The issue of abused women is one that doesn't go away. (Like many issues, it is one that will never go away until Jesus returns and all things are made new) This poem is about an imaginary girl, but the problems she represents are anything but imaginary. A victim of some form of abuse since childhood, she runs away, ends up in prostitution (where of course she gets re-abused over and over)and ends up on drugs to numb the impossible pain of being a human being who has been reduced to living like a brute beast. This is not about the rights and wrongs of her situation; which of us, really honestly, has lived so blamelessly, so free of ever making wrong choices, that we have any right to stand in judgement? This is about a broken soul who needs to know that her only hope of healing lies in a God who was broken for her ..
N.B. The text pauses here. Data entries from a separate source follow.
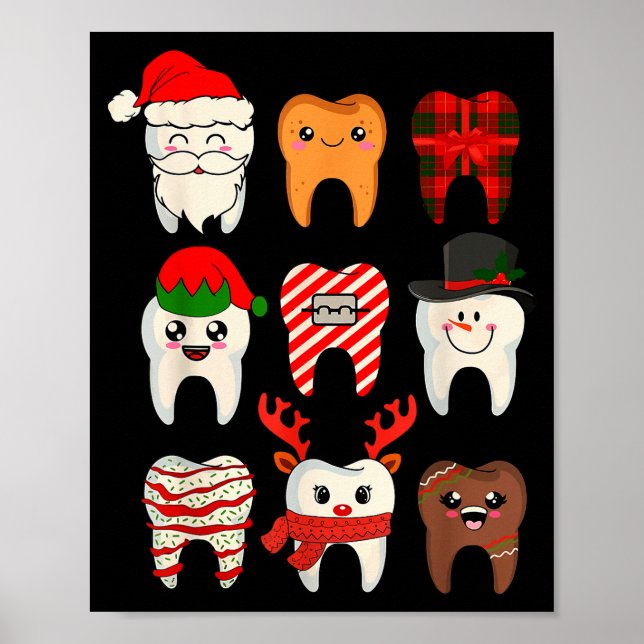 Póster Christmas Teeth Dentist Xmas Reindeer Santa Squad  (Frente)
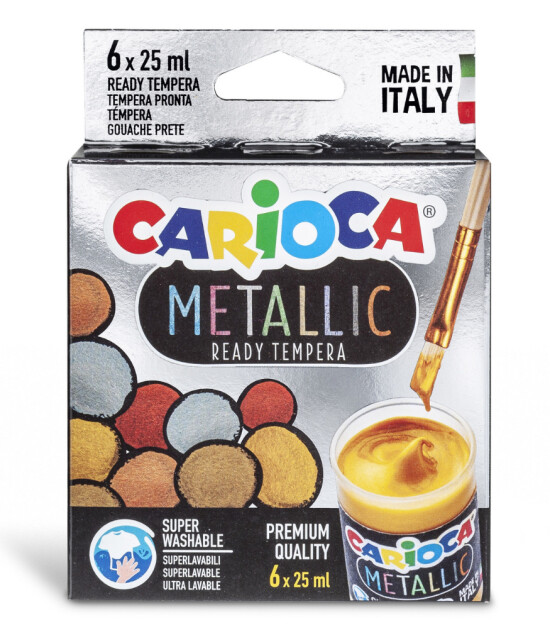 Carioca Süper Yıkanabilir Guaj Boya // Metalik (25 gr x 6 Renk)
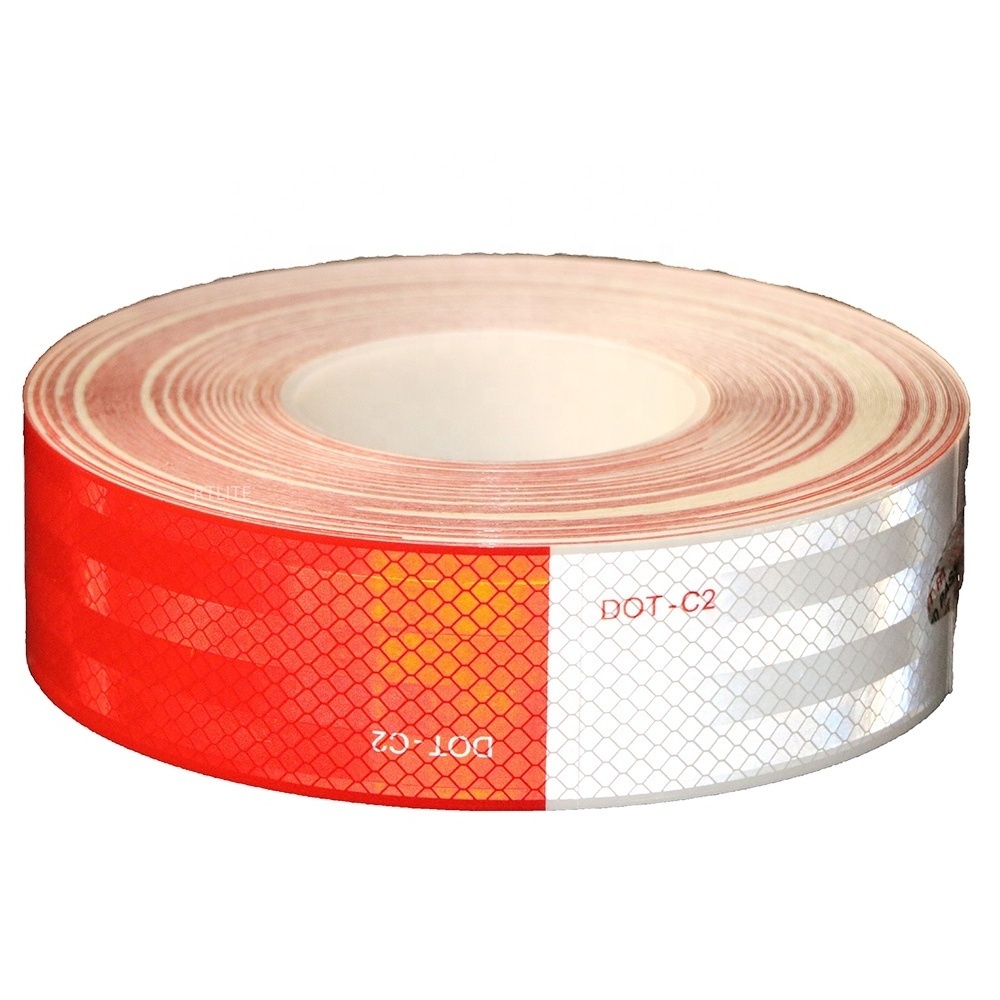 Conspicuity Warning Sticker Self Adhesive Reflective Tape 893D Red White Truck Reflective Tape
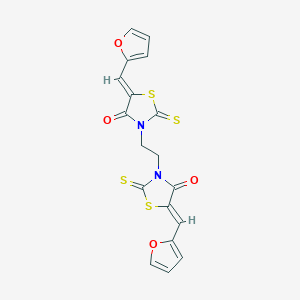 molecular formula C18H12N2O4S4 B10921262 (5Z,5'Z)-3,3'-ethane-1,2-diylbis[5-(furan-2-ylmethylidene)-2-thioxo-1,3-thiazolidin-4-one] 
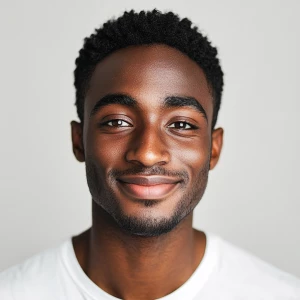 A 22-year-old joyful African American man with dark skin, a clea...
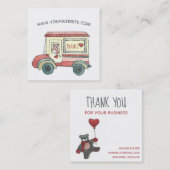 Niedlich Danke, Teddy Bear Mail Truck Wasserfarbe Quadratische Visitenkarte (Vorne/Hinten)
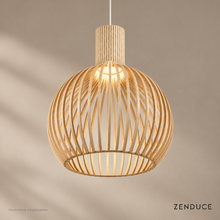 ABODE natural oak pendant showing curved wooden slats and open lower ring, illustrative visualisation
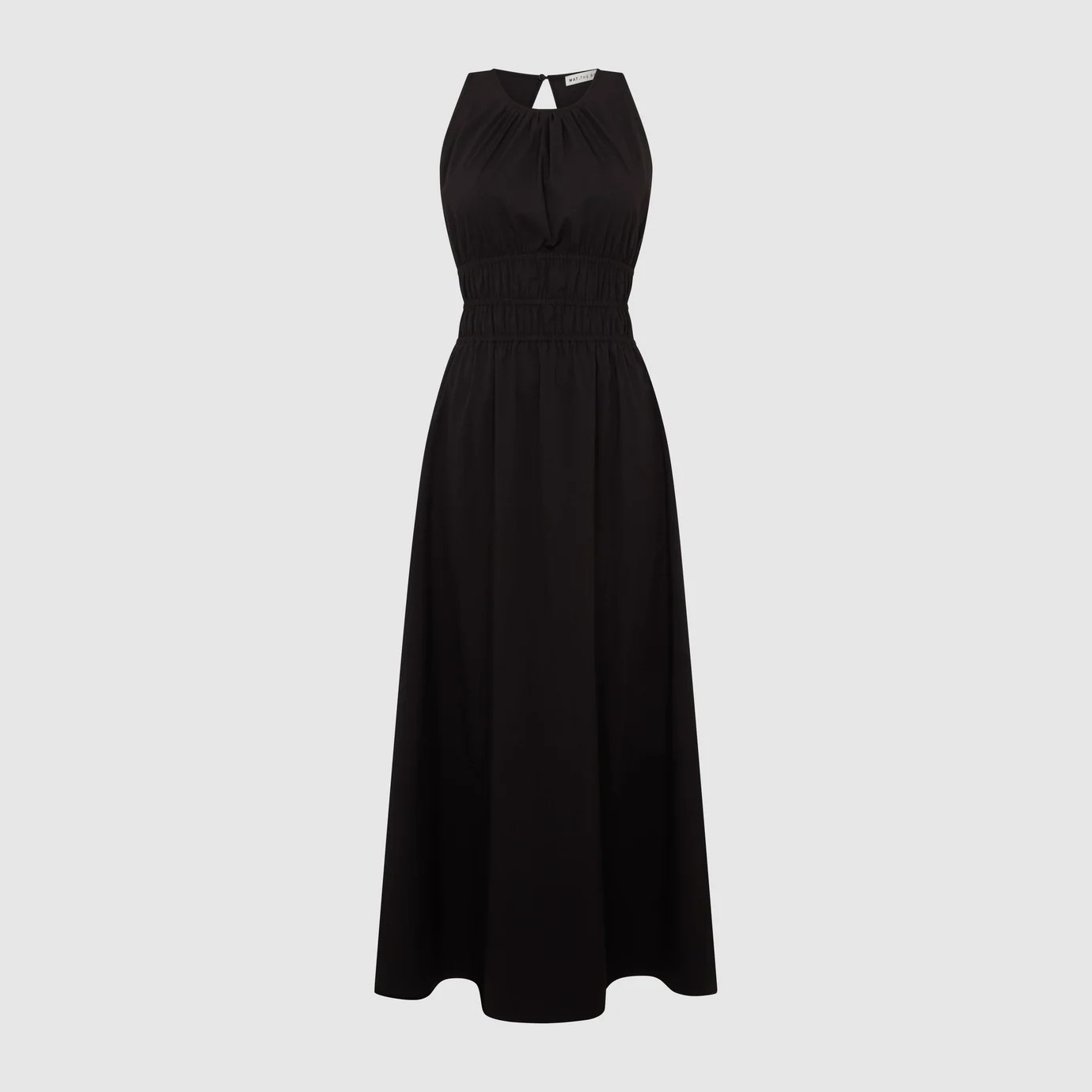 ELASTICATED WAIST MIDI DRESS - BLACK | WAT The Brand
Out of the limelight’s glare
Shadows where none will care.
Huddled in slimy street
Garbage beneath your feet
Garbage attacks your soul:
Who knows what more they stole?

Body an empty shell
Mind on the brink of hell
Absent from all that’s real
(For who can bear to feel?)
Only the sullen rain
Cries for such dreadful pain.

Blank are the eyes that see
Things that should never be
Plaything, discarded, lost,
Used only once, then tossed
Leaving the flesh behind
Cleaving the broken mind.

“Love” is the user’s word
Yet strangely still preferred
The bleak command of pain
Calling to feel again
Therefore oblivion’s haze
Swallows unwanted days.

Already lost in hell
Why then condemn as well?
Only love crucified
Goes where the heart has died
Lifting aside the stones.
Breathing on barren bones.

Thursday, February 21, 2008

Some Favourite Lyrics

Over at the Rabbit Room, Andrew Peterson's group blog, they asked for people's favourite song lyrics. Last time I looked, they had 177 replies, some of them quoting stuff that was just so .. (fill in appropriate non-cliched adjective to express deep emotional response). So I thought that from time to time I'd post some of my own favourites here, here a line, there a stanza, standout lines from songs, hymns, anythoing with music, that impact me. Let me say in advance that most things written by Rich Mullins or Andrew Peterson already fall into that category!

So, a few to start with:

Heart of my own heart whatever befall
Still be my vision, oh Ruler of All
 Be Thou my Vision (traditional)

Rushing wind blow through this temple
Blowing out the dust within
Come and breathe your breath upon me
I’ve been born again
 Keith Green

Death is dead, love has won, Christ has conquered
 New Irish Hymns

Come to the Table that He’s prepared for you
The bread of forgiveness, the wine of release
Come to the table and sit down beside Him
The Saviour wants you to join in the feast
 Michael Card
(this one has particular significance for me. For years I had thought that when certain people in the church rejected and condemned me they were speaking on God’s behalf. I actually visualised myself standing outside in the rain and looking in through the window at those who were gathered inside, banqueting. Hen one day I heard this song ..)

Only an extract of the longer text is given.